━━━━━ RECORDED INFORMATION

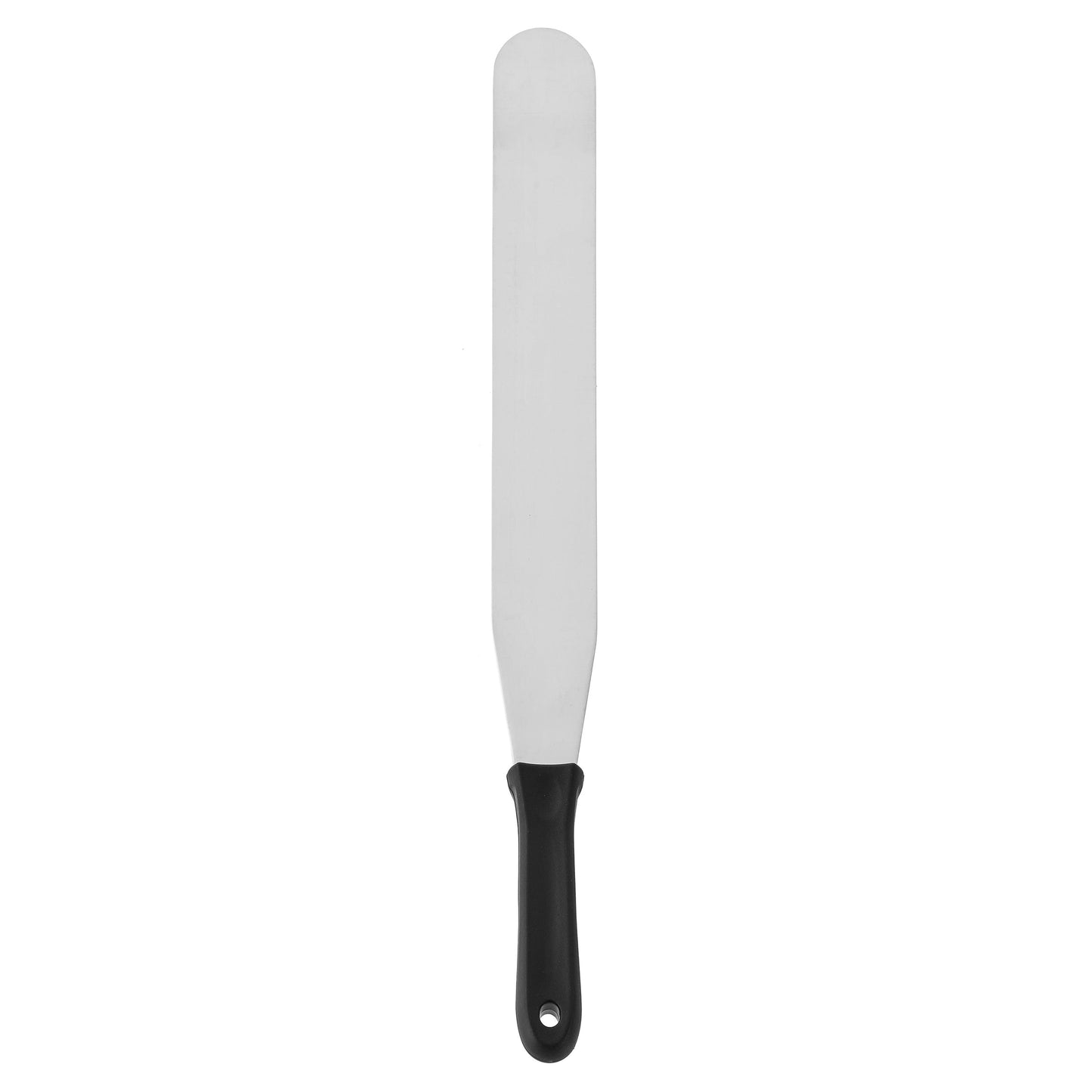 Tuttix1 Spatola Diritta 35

━━━━━━━━━━
━━━━━ RECORDED INFORMATION

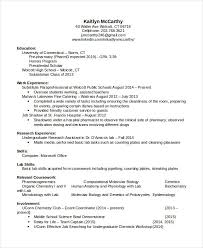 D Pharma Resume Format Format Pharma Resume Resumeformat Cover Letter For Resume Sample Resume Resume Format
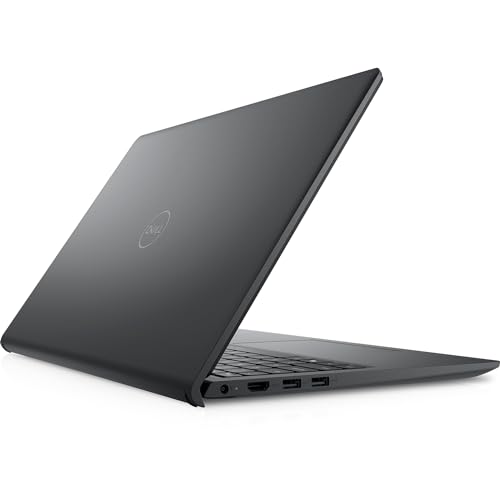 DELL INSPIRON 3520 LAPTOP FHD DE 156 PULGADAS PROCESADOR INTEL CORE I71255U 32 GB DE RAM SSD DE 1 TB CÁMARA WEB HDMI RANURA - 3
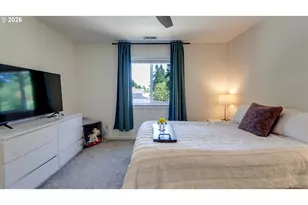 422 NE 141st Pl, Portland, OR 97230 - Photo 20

━━━━━━━━━━

§ **TASK DESCRIPTION**: Where a picture appears in the records above, omit it, and transcribe exactly the stretch of lines from the one with "D Pharma Resume" through the one with "422 NE 141st".

§ **EXERCISE RESULT**:
 D Pharma Resume Format Format Pharma Resume Resumeformat Cover Letter For Resume Sample Resume Resume Format
 DELL INSPIRON 3520 LAPTOP FHD DE 156 PULGADAS PROCESADOR INTEL CORE I71255U 32 GB DE RAM SSD DE 1 TB CÁMARA WEB HDMI RANURA - 3
 422 NE 141st Pl, Portland, OR 97230 - Photo 20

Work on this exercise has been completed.